Beautifully composed shots, you should be well proud of that set! 
Cracking stuff, thanks for sharing!


----------



## flyboys90 (Mar 30, 2015)

What a find ! Great shots and a beautiful location,some amazing old vehicles.


----------



## HughieD (Mar 30, 2015)

Spesh. Loving those shots.


----------



## stu8fish (Mar 30, 2015)

Cracking set. Nice.


----------



## smiler (Mar 30, 2015)

Lovely post, I could happily spend time nosing around here, their seems to be other derelict cottages in the background, did you take a look at them?, I enjoyed looking, Thanks


----------



## stesh (Apr 2, 2015)

Hi Smiler,

Yeah there's some cracking derelict farm houses all around that area.


----------



## Potter (Apr 10, 2015)

That's a cool little vehicle graveyard.
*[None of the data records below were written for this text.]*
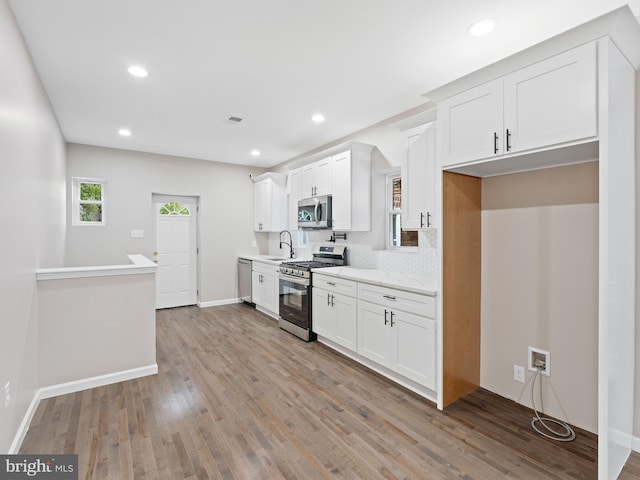 kitchen with white cabinetry, sink, decorative backsplash, stainless steel appliances, and light hardwood / wood-style flooring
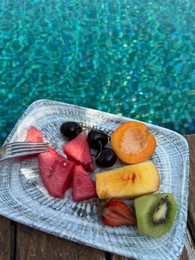 Photo of Plate with fresh fruits on wooden deck near outdoor swimming pool. Luxury resort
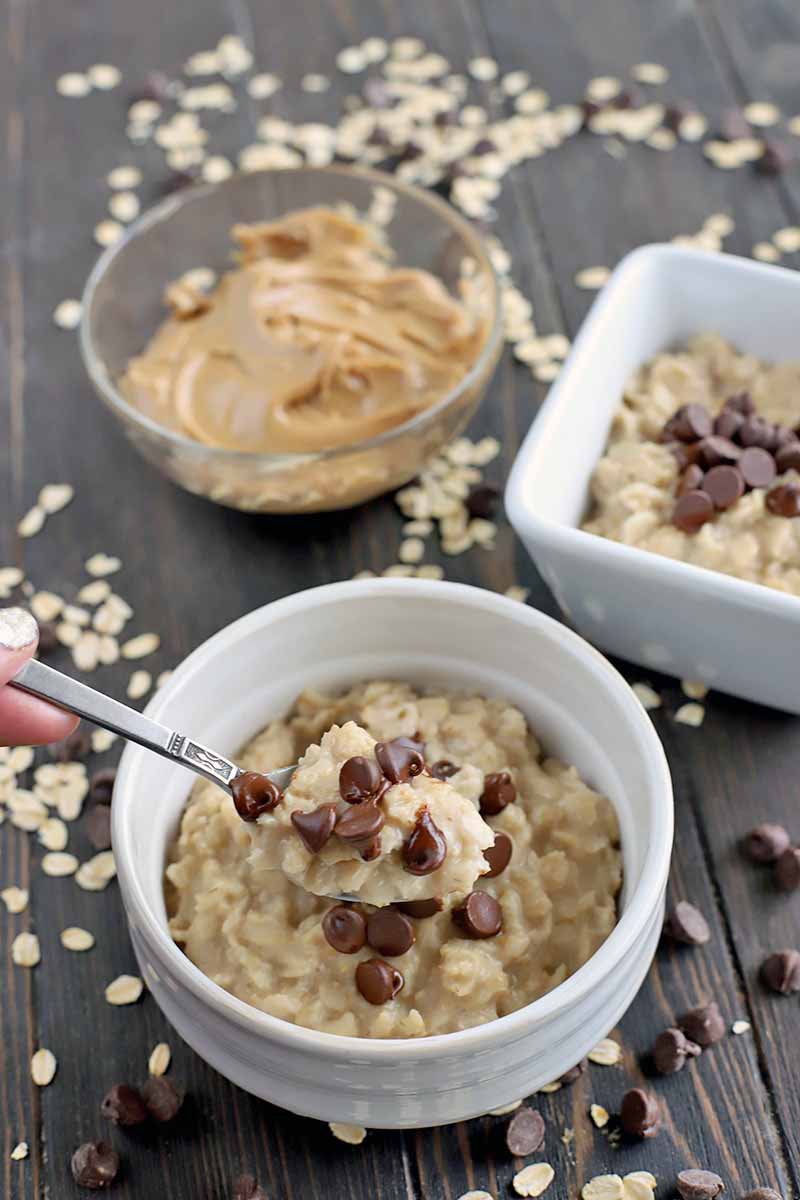 A hand with a manicured silver fingernail holds a spoonful of oatmeal topped with chocolate chips, with two white bowls of the hot breakfast cereal and a glass bowl of peanut butter in the background, on a dark brown wood surface with scattered uncooked oats and dark chocolate.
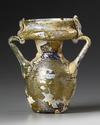 AN INTACT ROMAN OLIVE YELLOW GLASS TWIN-HANDLED JAR, CIRCA 4TH CENTURY A.D.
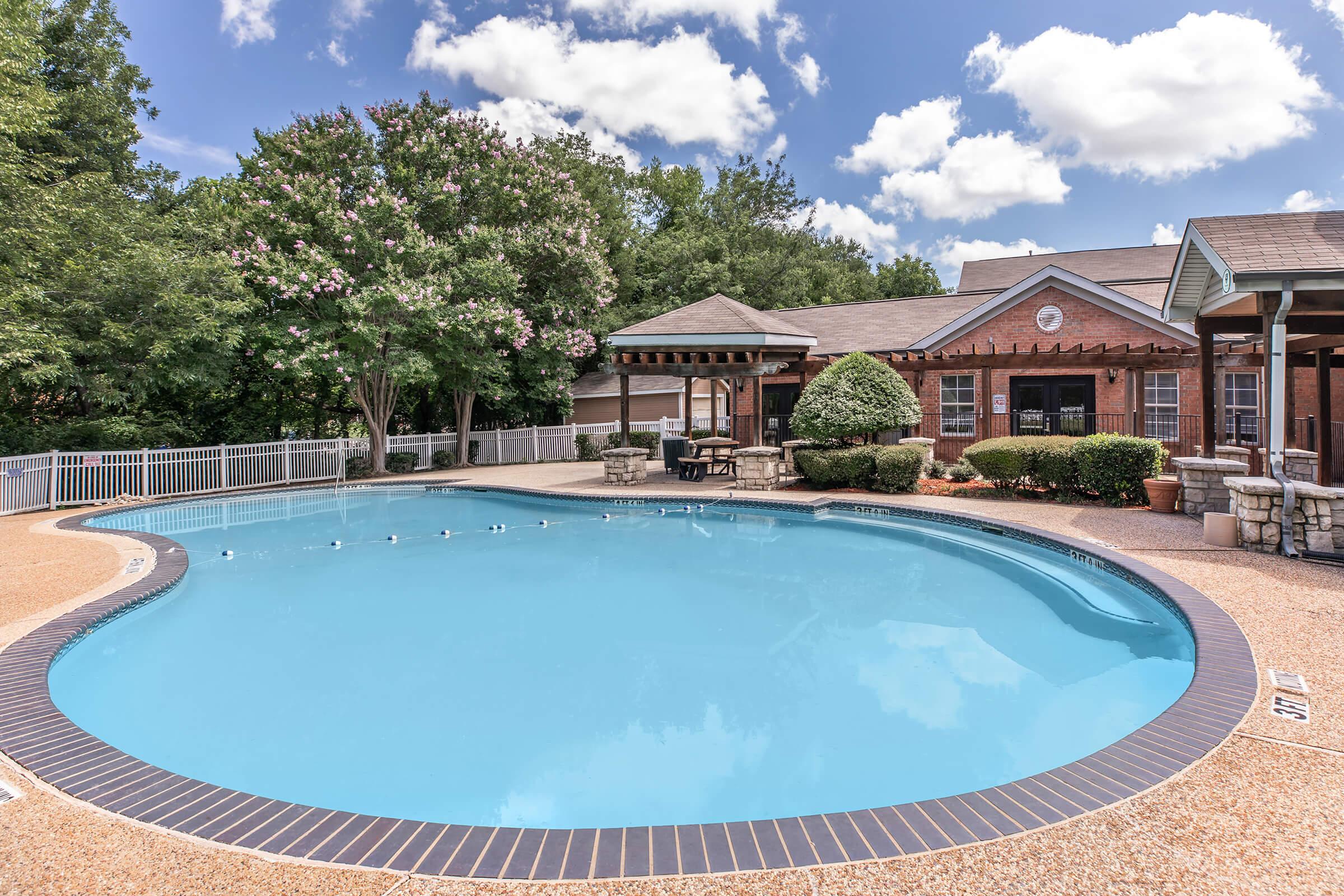 A tranquil swimming pool surrounded by well-manicured landscaping, featuring lush green trees and flowering shrubs. The pool is oval-shaped with a blue water surface and bordered by a tan deck. Adjacent is a covered seating area and a brick building, under a bright blue sky with scattered clouds.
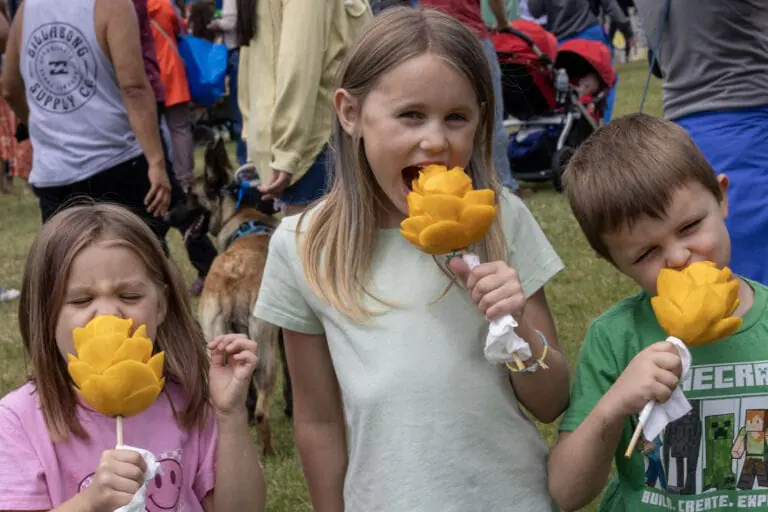 Kids enjoying fruit pops at the Strawberry Days Festival near Glenwood Hot Springs Resort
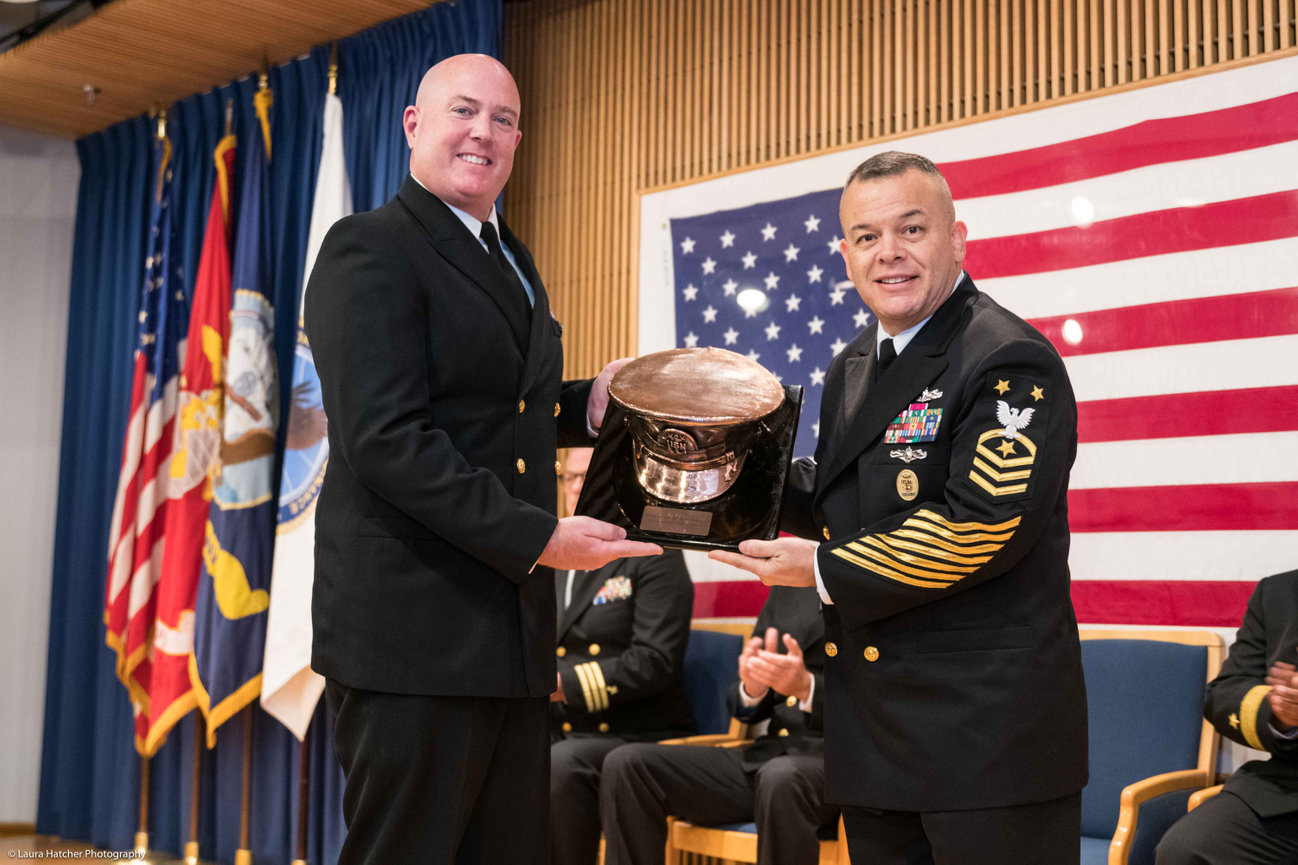 Two Navy Master Chiefs posing during a Navy Retirement Ceremony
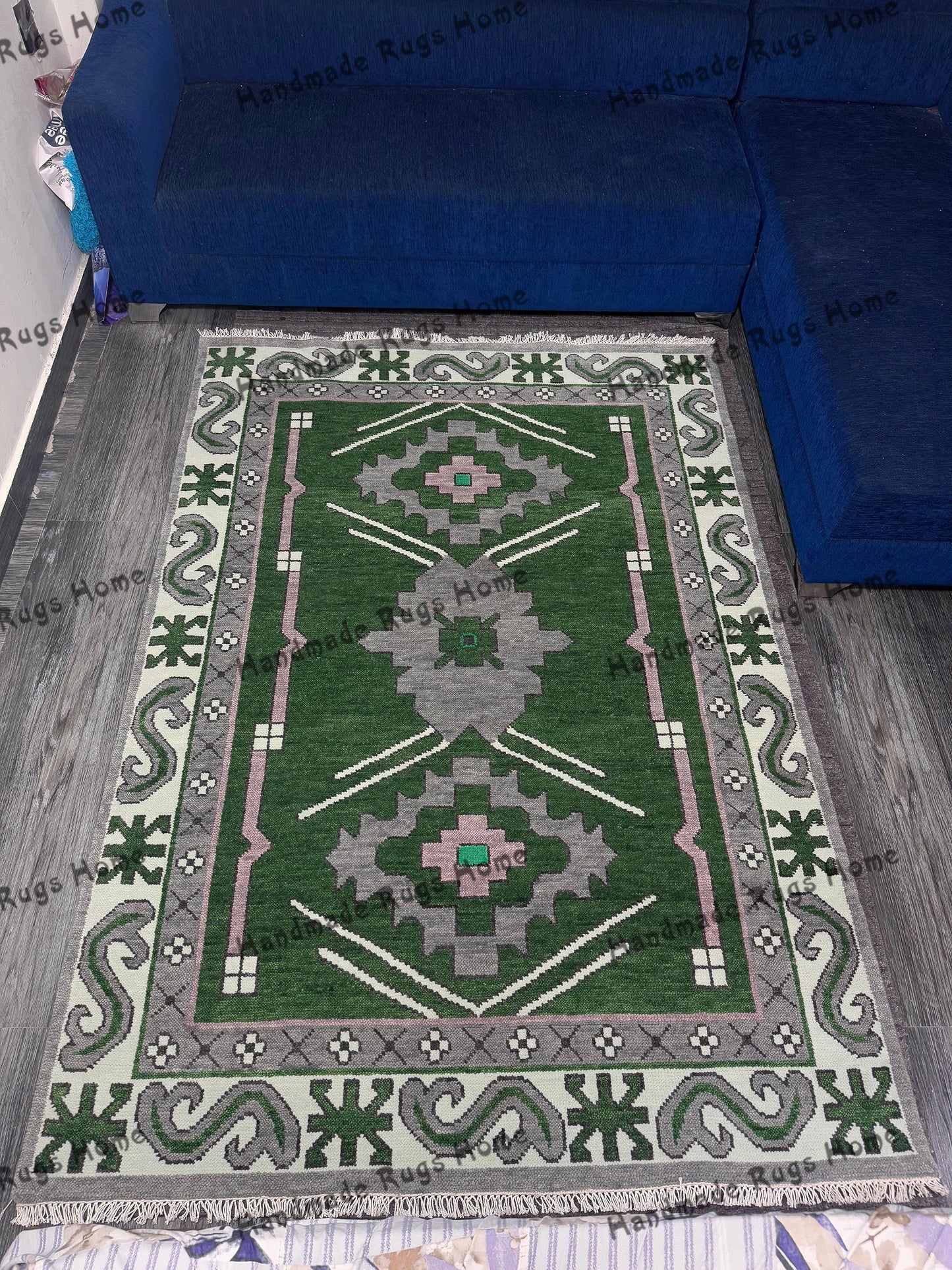 Elegant green and pink wool rug placed under a dark green sectional sofa.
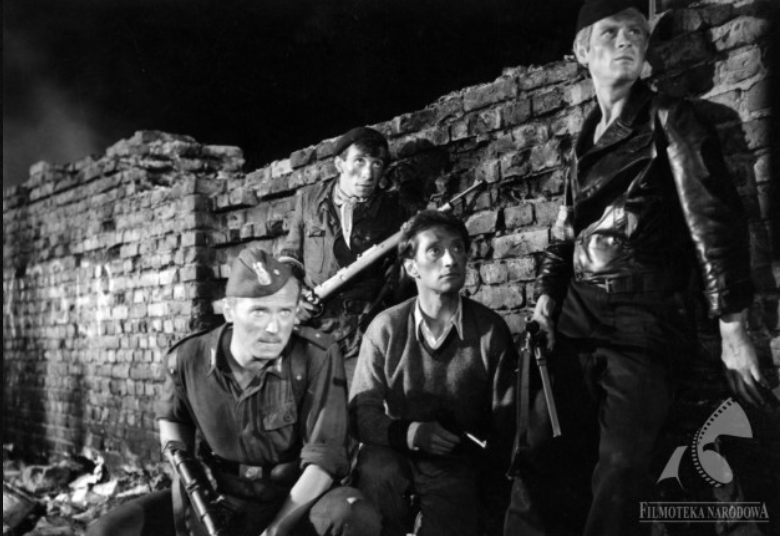 Zdjęcie przedstawia ceglany mur, przy którym znajduje się czterech mężczyzn z karabinami. Jeden z mężczyzn ubrany jest w polski mundur z okresu drugiej wojny światowej. Trzech pozostałych mężczyzn ubranych jest w cywilne ubrania.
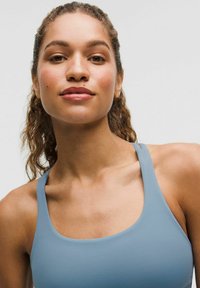 Débardeur de sport bleu clair avec un décolleté arrondi et des bretelles larges, confectionné dans un tissu lisse, présentant une coupe ajustée et une texture subtile.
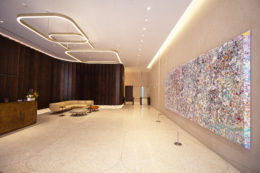 The sleek new lobby and painting by For The 'Friend' (2022) - Painted by Sam Gilliam at 122 Fifth Avenue in Manhattan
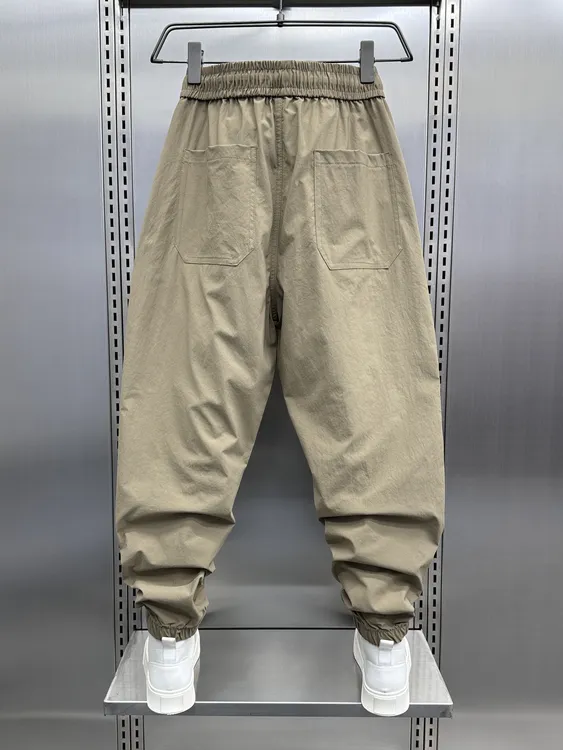 夏季薄款宽松哈伦休闲裤男士潮流百搭时尚束脚裤斜纹纽扣九分裤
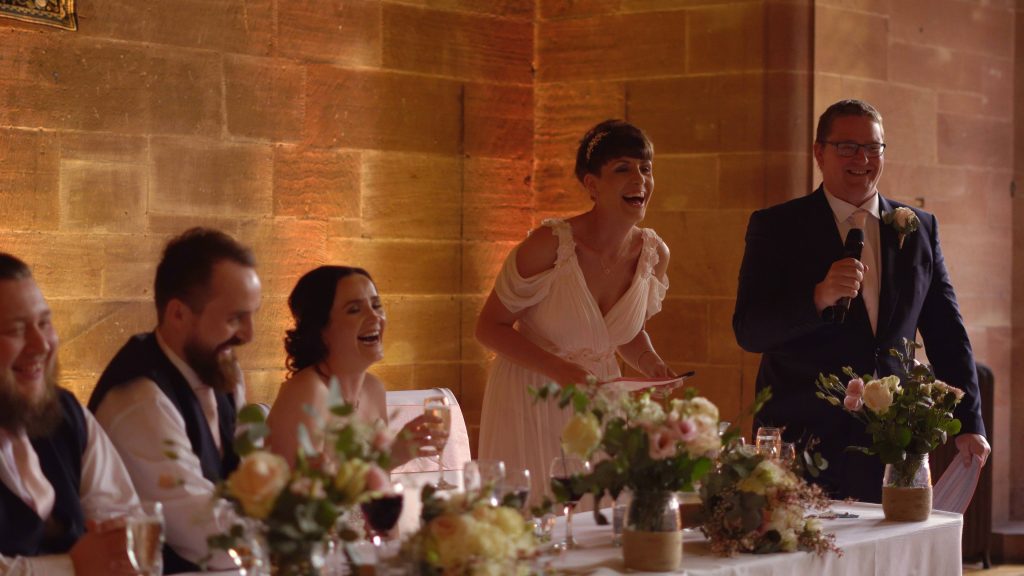 the top table laugh out loud during the wedding speeches caught on video by cheshire wedding videographer Love Gets Sweeter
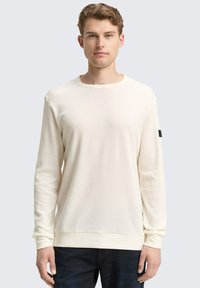 Crème-kleurig langslavend shirt van een gestructureerde stof, met een ronde hals en geribbelde manchetten, gecombineerd met donkere spijkerbroeken. Zwarte labeldetail op de mouw.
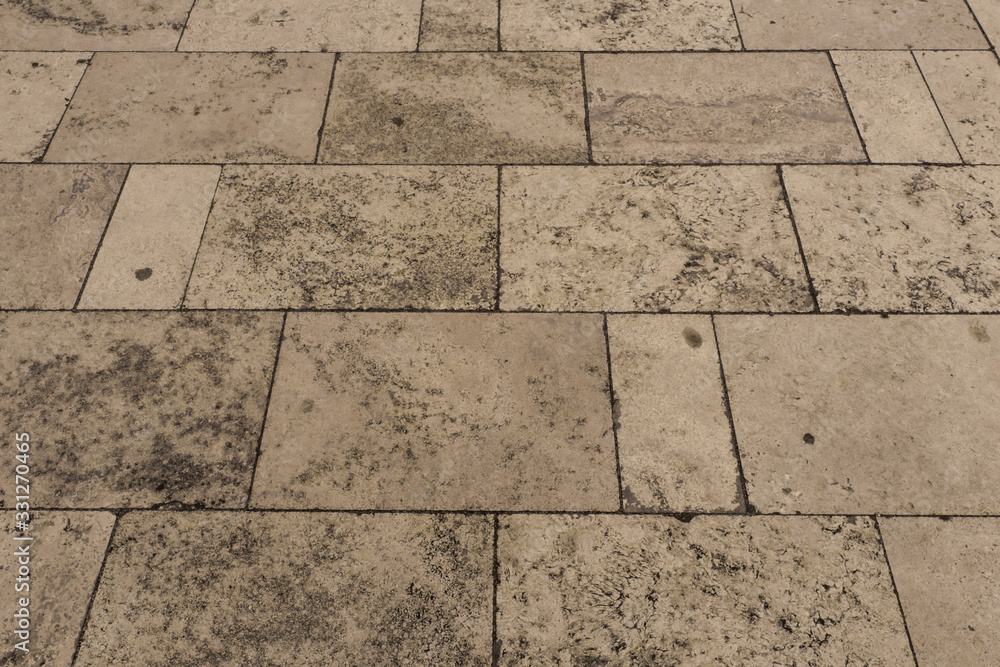 Naklejka premium Tiles on a sidewalk made of white Travertine marble 
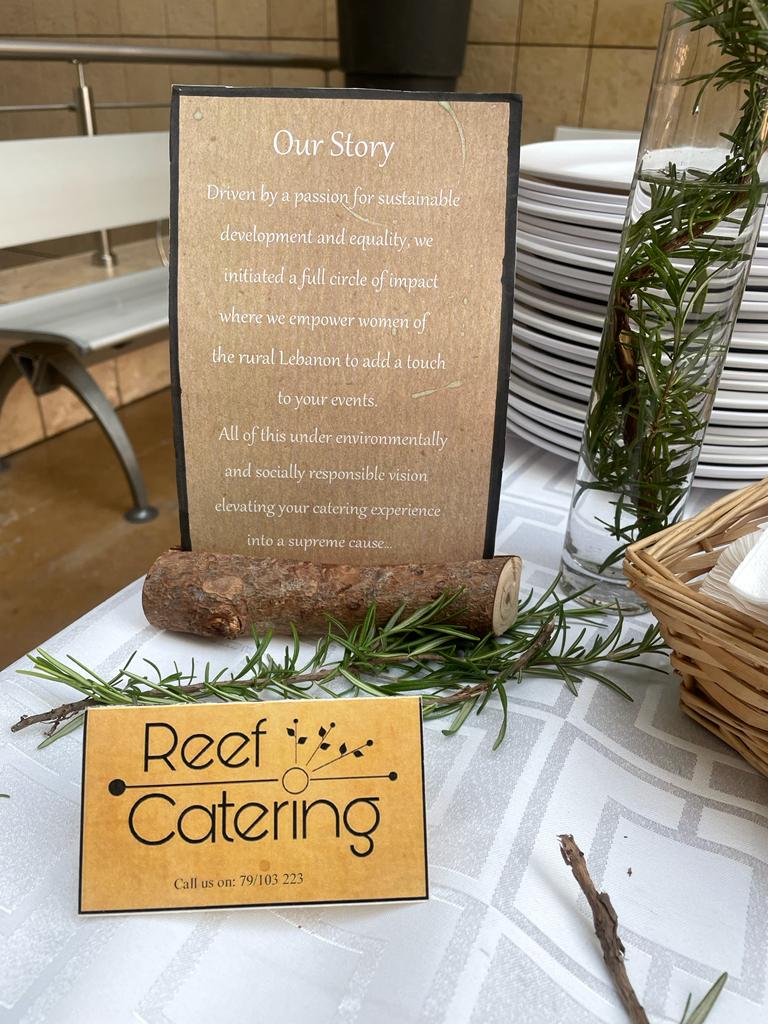 "Reef Catering offers a menu on a table."
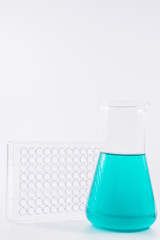  research, science and clinic background. 96 well micro plate and  laboratory beakers with colorful liquids and reagents.  
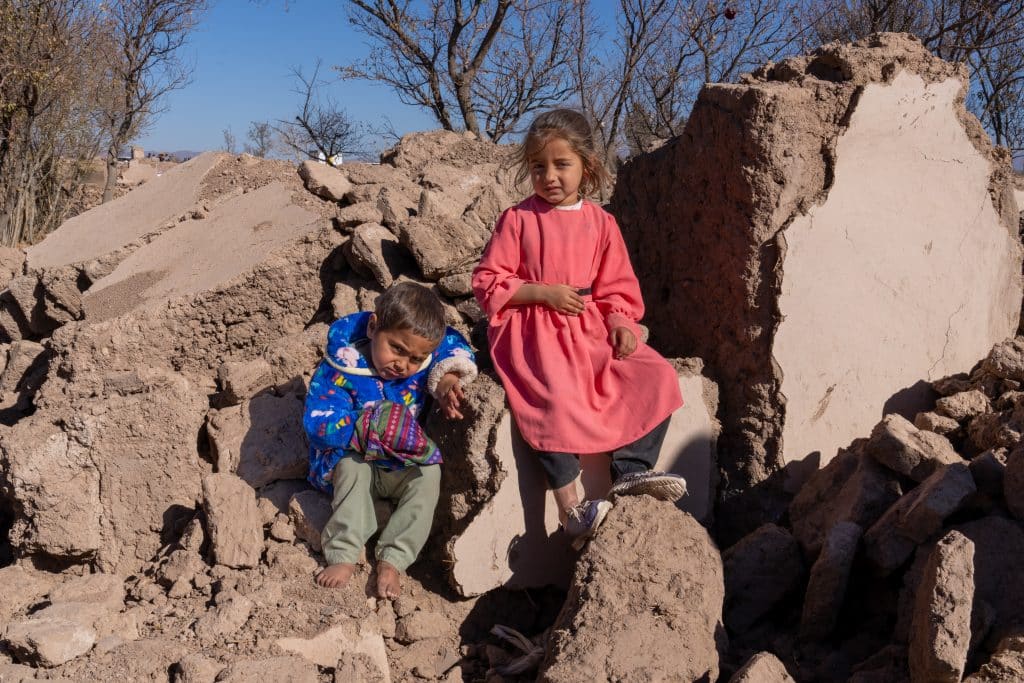 Le 3 décembre 2023, des enfants se font photographier sur un tas de décombres où se trouvait leur maison avant les tremblements de terre qui ont ravagé l'Afghanistan. © UNICEF/UNI485389/Karimi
Strange that there is two Minors the same.


----------



## Consett truckie (Jul 8, 2015)

Great find ,I was wondering where about the location of this site is, I live quite close


----------



## krela (Jul 9, 2015)

Please don't ask for location details, it's against the forum rules.

It pretty much says in the title of the thread anyway, I'm sure you can figure the rest out for yourself.


----------



## scribe (Jul 9, 2015)

Love these shots, old vehicles and old buildings. Very nice.


----------